Setting up a new business under a limited company formation may not be as popular among budding entrepreneurs as going down the sole trader route, but it certainly has its benefits.
In terms of accountancy for a limited company, there is a greater chance you will pay less personal tax through a company formation than you would if you were working as a sole trader. As company profits are subject to Corporation Tax and if you are the director and shareholder of the limited company, you may choose to take a salary from this. By choosing to do this, you will pay less National Insurance Contributions and PAYE. Alternatively, as a sole trader your entire income may be subject to PAYE and National Insurance Contributions.

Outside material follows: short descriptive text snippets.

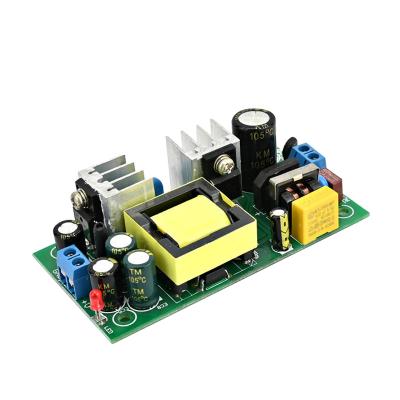 AC-DC 5V 9V 12V 18V 20V 24V 36V 48V 20W Precision Buck Converter AC 220V To 5V DC Step Down Transformer Power Supply Module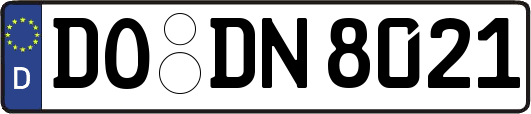 DO-DN8021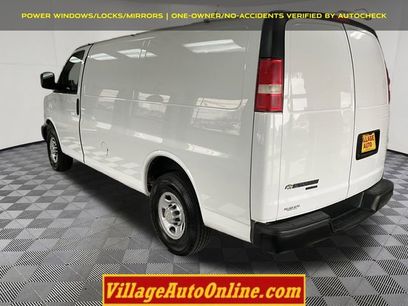 Used 2014 Chevrolet Express 2500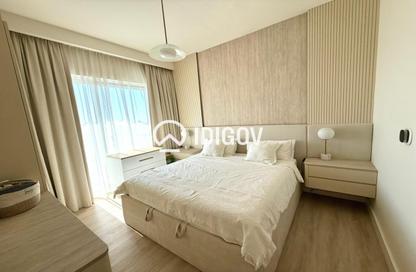 Apartment - 3 Bedrooms - 3 Bathrooms for sale in Park Ridge Tower C - Park Ridge - Dubai Hills Estate - Dubai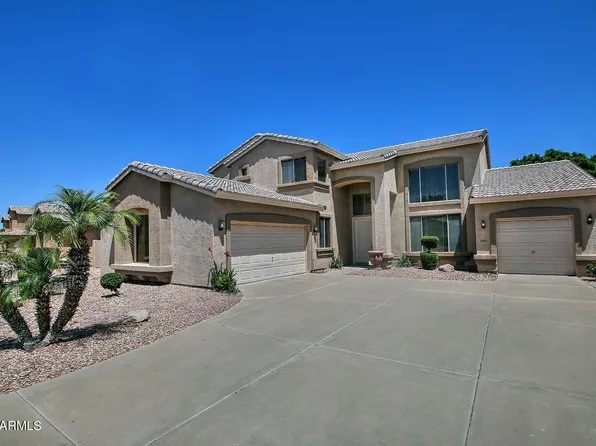 2066 W Remington Drive, Chandler, AZ 85286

In terms of tax, under this limited formation, the company is treated as being completely separate from its shareholders or members. Everything from company assets to bank accounts is treated separately which may be beneficial if members want to keep their home and work lives (and money) separate.
By running a limited company you are protected by law if anything goes wrong. In other words, you will not be held personally responsible or liable if any financial losses are made by your company, unless there have been illegal dealings of course. Sole traders on the other hand, do not have this protection.
Although thanks to the economic recession, it has become more difficult for any new company to be set up, limited businesses are generally considered easier to secure funding. Likewise, they may also be considered to be more professional than sole traders. Once registering the company with Companies House, the name is also protected by law which means that the same name (or anything considered too similar) cannot be used by another company.